Michèle Ray-Gavras


Michèle Ray-Gavras is a French producer and journalist, born in 1939 in Paris. She is married to film director Costa-Gavras.
Michèle Ray-Gavras was kidnapped and detained by the Vietcong while reporting on the Vietnam war in 1967.
She married Greek director Costa-Gavras in 1968, she is the mother of Patrick Maffone, Alexandre Gavras, Julie Gavras and Romain Gavras.

Reporter

As an independent journalist between 1963 and 1977, Michèle Ray covered struggles in Vietnam and Bolivia for multiple French media.
Between April 1966 and February 1967, Michèle Ray travelled in South Vietnam among the American GI forces. She then continued to the communist north and was captured by the Vietcong on 17 January 1967. She was liberated on 6 February after falling sick. She brought back a special report published in the Nouvel Observateur, a film that was used in the documentary Far from Vietnam and published a book, The Two Shores of Hell.
She traveled to Bolivia in 1967 to report on the capture and death of Che Guevara, publishing an article in Paris Match before being expelled from the country.
In 1971, Michèle Ray was covering the Uruguayan general election for French television and radio, when she was kidnapped by the anarchist group OPR-33 and held for 3 days, between 29 November and 3 December before being released.
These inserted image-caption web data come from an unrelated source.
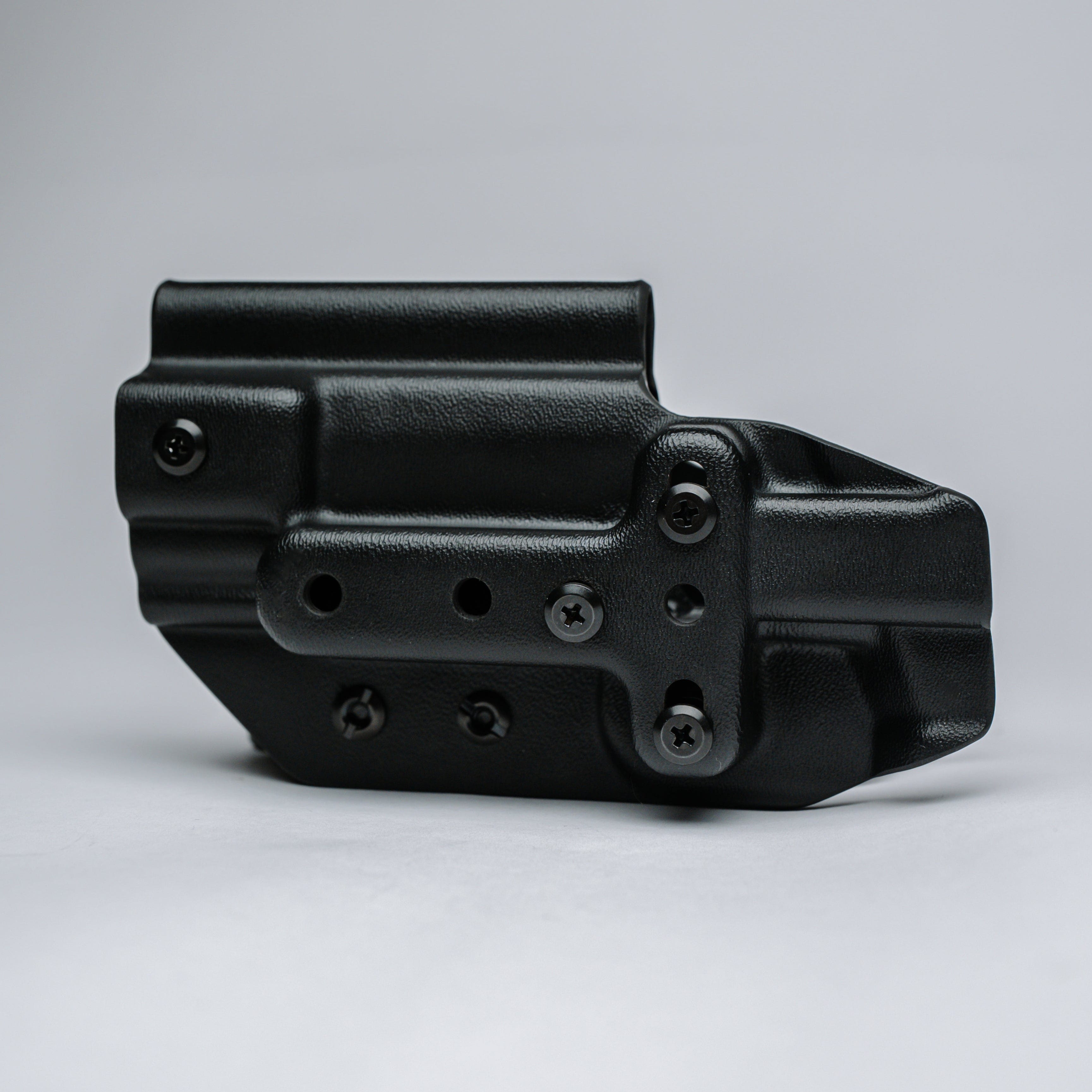 Careyconcealment Right Hand X1 Raptor holster for M1811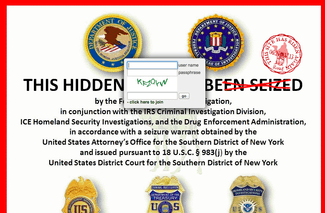 Silk-Road-2-screen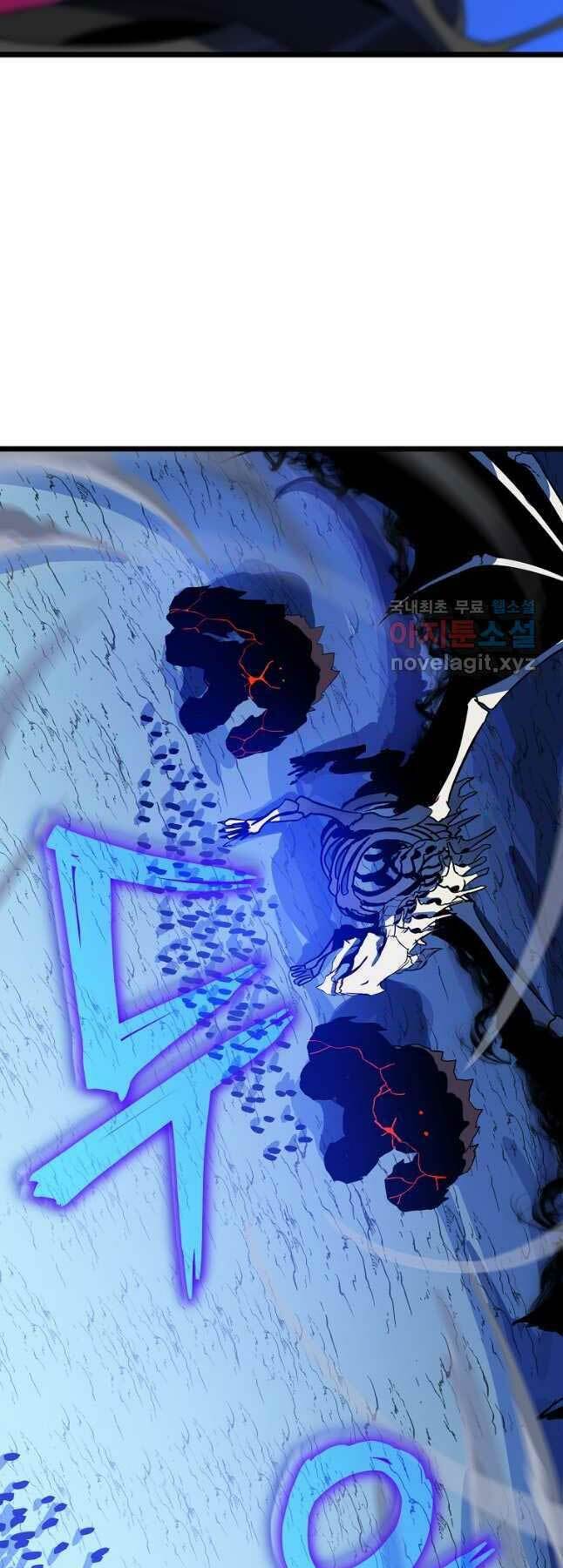 Kẻ Săn Anh Hùng: Chapter 140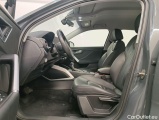  Audi  Q2 Audi  1.5 35 TFSI 110kW S tronic Sport 5d #3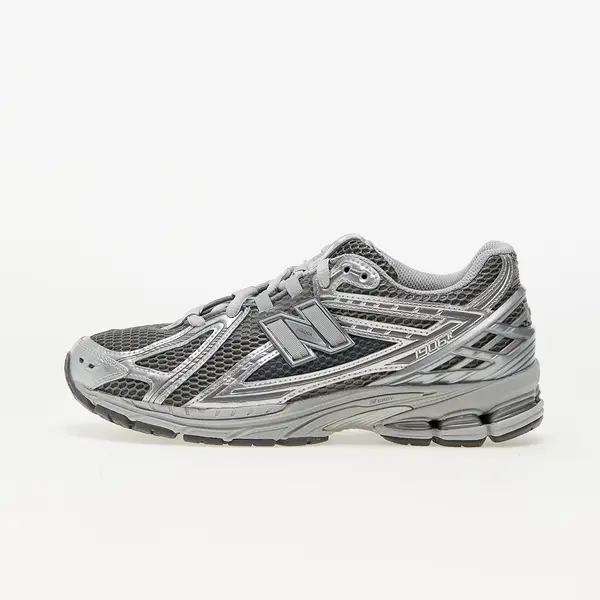 New Balance Сникърси New Balance 1906 Harbor Grey/ SIlver Metalic/ Concrete EUR 39.5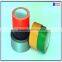 Factory Supply Cloth Duct tape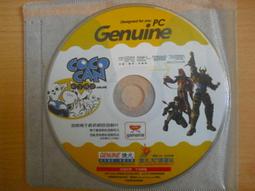 ※隨緣※絕版 雙檔【征戰+蒸氣幻想】線上遊戲《一片裝》PC版/中文版㊣正版㊣值得收藏/光碟正常/裸片包裝．一片裝150元 歷史價格詳細信息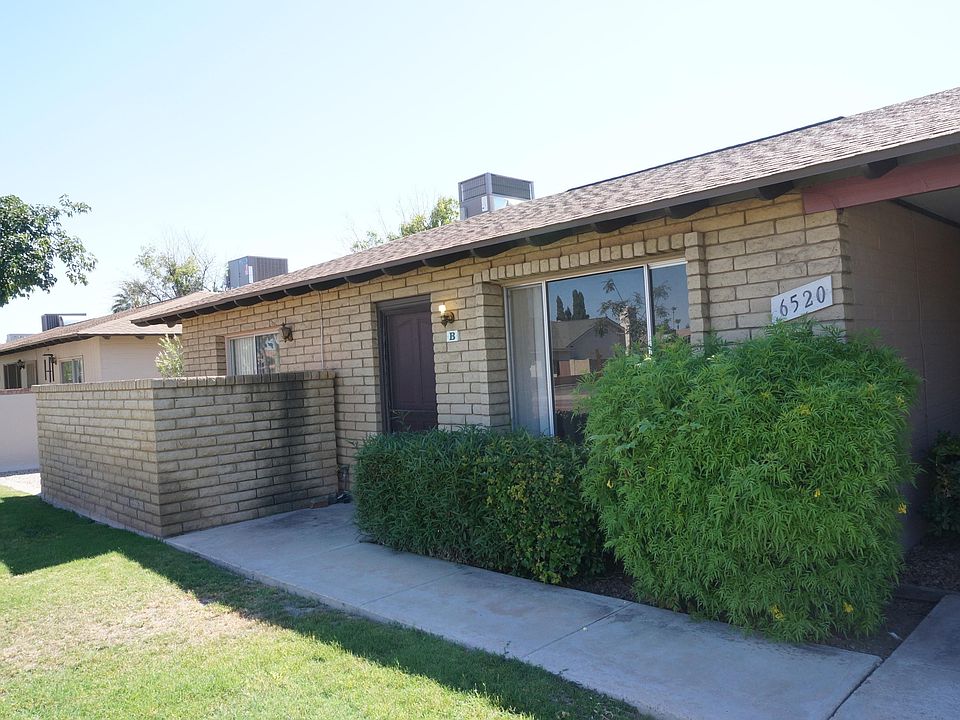1st image of 6520 S Lakeshore Dr Unit B
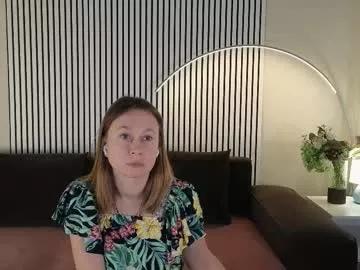 Watch 30 years old brooke_evans_ from Chaturbate brooke_evans_ from Chaturbate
Costa Gavras was in Uruguay at the time, preparing his film State of Siege.

Producer

She is currently working on a remake Le Couperet with Park Chan-wook.

Personal life

After meeting Costa Gavras when she was 24, she married him in 1968 on the set of Z. They have 3 children, Alexandre Gavras, Julie Gavras, and Romain Gavras.
She is also the mother of Patrick Maffone, from an earlier union.